• _WORK ITEM_: Beginning at the first line of the data, print each line exactly, stopping after the line that contains "6-Zimmer Wohnung in".

• _DATA SUPPLIED_:
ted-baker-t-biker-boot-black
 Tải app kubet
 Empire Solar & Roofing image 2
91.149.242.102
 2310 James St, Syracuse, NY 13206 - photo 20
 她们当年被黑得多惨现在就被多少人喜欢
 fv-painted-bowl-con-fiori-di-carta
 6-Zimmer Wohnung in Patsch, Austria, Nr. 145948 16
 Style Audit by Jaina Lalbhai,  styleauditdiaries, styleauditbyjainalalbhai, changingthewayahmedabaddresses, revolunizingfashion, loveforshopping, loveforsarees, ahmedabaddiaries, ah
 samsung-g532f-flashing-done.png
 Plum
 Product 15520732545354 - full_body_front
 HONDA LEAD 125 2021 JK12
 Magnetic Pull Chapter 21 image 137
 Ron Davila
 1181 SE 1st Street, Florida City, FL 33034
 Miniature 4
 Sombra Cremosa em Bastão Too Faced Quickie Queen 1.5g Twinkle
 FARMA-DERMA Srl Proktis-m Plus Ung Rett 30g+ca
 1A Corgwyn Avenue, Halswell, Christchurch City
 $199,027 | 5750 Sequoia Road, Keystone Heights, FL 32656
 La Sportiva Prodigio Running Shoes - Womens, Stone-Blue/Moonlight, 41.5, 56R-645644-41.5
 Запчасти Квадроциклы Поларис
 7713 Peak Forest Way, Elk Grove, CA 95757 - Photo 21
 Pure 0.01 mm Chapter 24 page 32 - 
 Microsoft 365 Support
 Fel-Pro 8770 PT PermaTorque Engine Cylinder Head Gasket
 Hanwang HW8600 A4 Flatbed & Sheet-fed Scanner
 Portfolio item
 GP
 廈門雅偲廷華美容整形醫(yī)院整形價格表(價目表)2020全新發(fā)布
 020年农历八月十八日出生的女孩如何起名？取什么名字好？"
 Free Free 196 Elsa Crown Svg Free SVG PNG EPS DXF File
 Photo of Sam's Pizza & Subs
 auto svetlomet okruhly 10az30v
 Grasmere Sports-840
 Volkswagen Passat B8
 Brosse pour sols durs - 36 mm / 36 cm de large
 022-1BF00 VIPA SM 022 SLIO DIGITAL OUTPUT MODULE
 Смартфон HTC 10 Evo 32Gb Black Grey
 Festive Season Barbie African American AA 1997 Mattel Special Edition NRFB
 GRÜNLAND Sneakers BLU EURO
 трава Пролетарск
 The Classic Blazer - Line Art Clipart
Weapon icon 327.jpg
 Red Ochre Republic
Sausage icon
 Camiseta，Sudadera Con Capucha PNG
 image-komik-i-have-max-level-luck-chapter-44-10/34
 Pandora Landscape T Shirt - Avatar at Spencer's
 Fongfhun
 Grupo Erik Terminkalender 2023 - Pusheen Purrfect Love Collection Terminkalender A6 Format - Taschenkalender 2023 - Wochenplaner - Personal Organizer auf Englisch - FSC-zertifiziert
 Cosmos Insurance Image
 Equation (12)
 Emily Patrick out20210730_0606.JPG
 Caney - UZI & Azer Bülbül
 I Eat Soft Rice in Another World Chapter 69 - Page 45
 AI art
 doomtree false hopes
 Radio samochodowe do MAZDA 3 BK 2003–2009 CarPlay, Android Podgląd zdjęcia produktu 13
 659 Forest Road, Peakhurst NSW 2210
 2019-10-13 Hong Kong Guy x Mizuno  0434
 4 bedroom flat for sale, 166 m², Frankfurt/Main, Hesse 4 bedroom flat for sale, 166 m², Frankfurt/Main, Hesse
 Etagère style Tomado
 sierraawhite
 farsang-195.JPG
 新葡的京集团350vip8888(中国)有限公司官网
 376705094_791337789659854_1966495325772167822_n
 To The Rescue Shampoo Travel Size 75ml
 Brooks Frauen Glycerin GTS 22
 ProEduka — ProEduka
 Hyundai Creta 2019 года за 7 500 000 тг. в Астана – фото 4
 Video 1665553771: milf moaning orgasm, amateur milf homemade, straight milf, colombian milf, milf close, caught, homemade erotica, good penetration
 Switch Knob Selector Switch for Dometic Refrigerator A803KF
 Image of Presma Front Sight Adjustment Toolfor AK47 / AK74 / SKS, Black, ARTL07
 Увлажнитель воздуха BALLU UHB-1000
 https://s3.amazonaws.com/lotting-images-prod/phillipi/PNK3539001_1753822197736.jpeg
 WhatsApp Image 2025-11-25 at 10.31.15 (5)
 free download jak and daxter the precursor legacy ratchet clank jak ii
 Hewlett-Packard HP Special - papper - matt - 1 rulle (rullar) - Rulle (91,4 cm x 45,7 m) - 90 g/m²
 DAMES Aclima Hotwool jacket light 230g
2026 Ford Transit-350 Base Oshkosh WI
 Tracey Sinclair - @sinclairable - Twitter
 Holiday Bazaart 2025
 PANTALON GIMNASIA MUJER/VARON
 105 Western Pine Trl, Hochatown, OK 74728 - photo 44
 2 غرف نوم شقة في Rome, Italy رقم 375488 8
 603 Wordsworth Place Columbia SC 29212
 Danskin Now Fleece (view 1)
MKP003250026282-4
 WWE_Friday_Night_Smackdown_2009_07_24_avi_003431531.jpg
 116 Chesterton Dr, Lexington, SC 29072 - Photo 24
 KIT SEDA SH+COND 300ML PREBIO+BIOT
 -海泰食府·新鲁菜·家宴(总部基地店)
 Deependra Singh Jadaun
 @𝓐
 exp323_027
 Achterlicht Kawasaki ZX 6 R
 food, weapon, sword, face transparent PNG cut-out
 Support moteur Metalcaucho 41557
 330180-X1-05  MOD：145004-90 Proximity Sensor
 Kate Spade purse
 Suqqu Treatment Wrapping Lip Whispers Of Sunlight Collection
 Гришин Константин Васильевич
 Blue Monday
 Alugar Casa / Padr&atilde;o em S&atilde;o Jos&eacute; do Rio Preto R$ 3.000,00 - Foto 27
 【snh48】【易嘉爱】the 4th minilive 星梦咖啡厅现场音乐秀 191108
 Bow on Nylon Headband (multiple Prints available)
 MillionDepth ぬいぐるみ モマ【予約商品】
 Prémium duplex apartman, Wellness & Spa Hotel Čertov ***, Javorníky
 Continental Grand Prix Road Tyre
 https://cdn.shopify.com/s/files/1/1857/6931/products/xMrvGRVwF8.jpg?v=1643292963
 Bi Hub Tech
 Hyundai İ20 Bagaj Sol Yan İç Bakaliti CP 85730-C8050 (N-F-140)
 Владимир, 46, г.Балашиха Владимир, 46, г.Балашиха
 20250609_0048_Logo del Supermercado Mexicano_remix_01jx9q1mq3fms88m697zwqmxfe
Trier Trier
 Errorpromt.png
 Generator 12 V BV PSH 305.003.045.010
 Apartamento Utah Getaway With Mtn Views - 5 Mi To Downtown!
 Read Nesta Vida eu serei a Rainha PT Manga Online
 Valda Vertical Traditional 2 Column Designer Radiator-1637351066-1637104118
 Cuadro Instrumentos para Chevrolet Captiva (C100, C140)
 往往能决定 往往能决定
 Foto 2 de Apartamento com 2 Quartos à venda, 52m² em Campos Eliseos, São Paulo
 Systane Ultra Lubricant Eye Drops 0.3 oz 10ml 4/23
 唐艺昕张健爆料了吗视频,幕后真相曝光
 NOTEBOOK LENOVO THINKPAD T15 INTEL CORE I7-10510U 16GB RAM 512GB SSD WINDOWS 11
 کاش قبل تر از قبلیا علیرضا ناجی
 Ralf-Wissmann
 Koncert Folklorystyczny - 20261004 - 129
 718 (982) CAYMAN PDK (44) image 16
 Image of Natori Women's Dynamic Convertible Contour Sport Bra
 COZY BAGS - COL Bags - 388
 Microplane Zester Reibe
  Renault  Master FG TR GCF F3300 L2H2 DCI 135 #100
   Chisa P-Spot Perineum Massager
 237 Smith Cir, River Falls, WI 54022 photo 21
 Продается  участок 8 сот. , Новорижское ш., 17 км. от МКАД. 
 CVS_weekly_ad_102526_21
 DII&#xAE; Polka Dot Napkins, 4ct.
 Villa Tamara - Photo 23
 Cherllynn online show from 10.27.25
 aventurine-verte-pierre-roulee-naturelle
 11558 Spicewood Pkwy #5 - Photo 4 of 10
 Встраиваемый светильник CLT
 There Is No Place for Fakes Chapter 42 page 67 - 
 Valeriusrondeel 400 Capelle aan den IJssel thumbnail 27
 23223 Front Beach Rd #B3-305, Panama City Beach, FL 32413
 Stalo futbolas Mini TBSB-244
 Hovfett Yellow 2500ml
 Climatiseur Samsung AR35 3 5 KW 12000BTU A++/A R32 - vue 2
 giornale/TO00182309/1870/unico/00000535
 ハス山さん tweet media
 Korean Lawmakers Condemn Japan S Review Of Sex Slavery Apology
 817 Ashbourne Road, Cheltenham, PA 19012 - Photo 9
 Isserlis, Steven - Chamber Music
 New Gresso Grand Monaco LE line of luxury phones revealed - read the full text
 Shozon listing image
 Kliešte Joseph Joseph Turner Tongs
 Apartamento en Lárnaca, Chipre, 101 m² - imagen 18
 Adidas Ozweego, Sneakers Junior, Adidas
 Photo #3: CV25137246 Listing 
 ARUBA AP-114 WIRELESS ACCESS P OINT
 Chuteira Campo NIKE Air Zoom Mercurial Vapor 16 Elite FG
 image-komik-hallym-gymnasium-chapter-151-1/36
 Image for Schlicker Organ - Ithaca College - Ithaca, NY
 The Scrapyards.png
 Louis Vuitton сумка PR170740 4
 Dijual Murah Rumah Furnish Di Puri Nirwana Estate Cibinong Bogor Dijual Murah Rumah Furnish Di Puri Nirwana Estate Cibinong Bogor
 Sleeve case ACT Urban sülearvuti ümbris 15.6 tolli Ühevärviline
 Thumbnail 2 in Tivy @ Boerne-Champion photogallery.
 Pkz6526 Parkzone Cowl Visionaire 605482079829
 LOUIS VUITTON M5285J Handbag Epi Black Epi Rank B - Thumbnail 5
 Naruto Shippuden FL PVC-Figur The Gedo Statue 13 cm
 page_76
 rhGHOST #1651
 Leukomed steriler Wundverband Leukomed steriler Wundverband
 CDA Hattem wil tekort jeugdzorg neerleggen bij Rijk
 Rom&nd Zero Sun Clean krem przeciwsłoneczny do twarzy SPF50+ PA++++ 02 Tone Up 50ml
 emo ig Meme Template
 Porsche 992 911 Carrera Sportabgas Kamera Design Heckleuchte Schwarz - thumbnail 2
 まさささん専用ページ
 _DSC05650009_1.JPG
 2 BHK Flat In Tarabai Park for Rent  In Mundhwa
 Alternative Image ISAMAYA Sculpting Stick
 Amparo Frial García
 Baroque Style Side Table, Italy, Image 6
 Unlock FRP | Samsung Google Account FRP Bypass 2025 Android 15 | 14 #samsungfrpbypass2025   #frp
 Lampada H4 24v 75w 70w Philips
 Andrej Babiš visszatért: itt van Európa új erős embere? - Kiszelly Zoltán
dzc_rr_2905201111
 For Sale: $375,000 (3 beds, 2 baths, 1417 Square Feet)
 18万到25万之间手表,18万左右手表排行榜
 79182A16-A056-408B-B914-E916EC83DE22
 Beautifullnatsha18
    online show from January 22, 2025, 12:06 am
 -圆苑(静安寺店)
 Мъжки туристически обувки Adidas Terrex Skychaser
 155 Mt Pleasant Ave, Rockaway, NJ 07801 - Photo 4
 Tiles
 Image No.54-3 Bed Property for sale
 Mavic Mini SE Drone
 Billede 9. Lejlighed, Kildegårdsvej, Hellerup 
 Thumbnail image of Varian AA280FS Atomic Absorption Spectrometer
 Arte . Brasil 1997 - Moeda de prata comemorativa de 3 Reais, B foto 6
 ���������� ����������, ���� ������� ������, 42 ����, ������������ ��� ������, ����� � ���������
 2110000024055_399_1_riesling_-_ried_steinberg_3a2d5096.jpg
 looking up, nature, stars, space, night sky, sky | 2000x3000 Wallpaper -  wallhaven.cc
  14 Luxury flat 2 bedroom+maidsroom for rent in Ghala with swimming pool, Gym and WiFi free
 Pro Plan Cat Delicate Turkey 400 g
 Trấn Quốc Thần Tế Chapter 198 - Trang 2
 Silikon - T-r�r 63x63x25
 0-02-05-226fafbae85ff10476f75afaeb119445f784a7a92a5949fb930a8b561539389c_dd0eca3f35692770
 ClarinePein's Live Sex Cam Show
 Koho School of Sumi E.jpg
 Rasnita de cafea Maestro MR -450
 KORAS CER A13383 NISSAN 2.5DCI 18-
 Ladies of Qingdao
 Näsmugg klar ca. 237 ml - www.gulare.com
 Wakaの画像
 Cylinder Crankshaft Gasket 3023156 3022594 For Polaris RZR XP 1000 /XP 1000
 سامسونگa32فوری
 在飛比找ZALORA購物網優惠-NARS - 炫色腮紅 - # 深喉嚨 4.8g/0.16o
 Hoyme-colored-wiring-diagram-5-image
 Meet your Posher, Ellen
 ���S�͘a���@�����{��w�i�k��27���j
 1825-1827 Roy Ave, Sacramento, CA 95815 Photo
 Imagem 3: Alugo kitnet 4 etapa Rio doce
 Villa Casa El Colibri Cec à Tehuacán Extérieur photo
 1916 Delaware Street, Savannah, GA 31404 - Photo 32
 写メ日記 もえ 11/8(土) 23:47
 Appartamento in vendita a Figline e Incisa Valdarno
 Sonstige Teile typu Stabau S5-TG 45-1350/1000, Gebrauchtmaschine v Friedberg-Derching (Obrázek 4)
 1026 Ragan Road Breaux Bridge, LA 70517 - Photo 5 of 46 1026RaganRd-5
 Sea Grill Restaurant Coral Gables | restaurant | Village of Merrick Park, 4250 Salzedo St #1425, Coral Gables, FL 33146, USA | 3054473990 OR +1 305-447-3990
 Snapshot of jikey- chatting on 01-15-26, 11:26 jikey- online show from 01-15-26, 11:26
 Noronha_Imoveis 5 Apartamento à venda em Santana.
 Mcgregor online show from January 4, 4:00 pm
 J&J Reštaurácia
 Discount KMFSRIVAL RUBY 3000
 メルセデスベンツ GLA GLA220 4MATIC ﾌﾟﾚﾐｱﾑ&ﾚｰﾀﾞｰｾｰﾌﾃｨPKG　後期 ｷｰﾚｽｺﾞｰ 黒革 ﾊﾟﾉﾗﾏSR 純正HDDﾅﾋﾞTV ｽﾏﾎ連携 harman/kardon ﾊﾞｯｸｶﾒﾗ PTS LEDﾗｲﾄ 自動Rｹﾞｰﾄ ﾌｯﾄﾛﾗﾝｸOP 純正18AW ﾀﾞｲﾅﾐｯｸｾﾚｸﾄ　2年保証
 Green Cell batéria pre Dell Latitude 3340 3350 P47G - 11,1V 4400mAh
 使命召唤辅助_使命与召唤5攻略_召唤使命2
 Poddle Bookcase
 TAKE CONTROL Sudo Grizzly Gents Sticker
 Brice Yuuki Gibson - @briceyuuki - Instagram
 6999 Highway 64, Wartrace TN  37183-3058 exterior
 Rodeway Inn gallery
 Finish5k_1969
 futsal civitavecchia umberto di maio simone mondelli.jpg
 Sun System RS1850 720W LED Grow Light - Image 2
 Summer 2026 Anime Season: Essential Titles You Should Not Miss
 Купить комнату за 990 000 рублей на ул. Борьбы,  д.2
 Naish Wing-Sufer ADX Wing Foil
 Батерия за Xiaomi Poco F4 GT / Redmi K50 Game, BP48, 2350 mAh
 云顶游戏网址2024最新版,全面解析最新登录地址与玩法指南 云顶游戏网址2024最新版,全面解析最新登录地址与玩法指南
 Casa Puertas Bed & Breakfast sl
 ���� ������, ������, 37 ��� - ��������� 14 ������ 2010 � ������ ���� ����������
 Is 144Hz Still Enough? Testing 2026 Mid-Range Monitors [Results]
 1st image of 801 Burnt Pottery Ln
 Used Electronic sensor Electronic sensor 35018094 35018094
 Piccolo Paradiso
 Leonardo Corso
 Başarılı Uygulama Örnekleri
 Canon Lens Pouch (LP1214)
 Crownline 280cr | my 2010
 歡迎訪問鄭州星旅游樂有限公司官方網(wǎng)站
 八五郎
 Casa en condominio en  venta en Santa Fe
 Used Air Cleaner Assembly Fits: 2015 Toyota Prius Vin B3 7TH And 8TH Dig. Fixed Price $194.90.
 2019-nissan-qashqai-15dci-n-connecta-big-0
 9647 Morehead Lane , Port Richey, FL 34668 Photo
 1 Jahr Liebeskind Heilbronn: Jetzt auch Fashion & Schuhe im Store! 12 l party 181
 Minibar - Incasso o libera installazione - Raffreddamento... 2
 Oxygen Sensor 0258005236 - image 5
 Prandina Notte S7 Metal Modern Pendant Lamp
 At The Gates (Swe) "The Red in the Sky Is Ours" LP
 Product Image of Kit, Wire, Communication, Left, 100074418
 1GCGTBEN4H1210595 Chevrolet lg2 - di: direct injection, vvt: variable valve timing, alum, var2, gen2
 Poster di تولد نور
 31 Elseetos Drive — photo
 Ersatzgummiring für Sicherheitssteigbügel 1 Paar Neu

• _SOLUTION TO THIS TASK_:
ted-baker-t-biker-boot-black
 Tải app kubet
 Empire Solar & Roofing image 2
91.149.242.102
 2310 James St, Syracuse, NY 13206 - photo 20
 她们当年被黑得多惨现在就被多少人喜欢
 fv-painted-bowl-con-fiori-di-carta
 6-Zimmer Wohnung in Patsch, Austria, Nr. 145948 16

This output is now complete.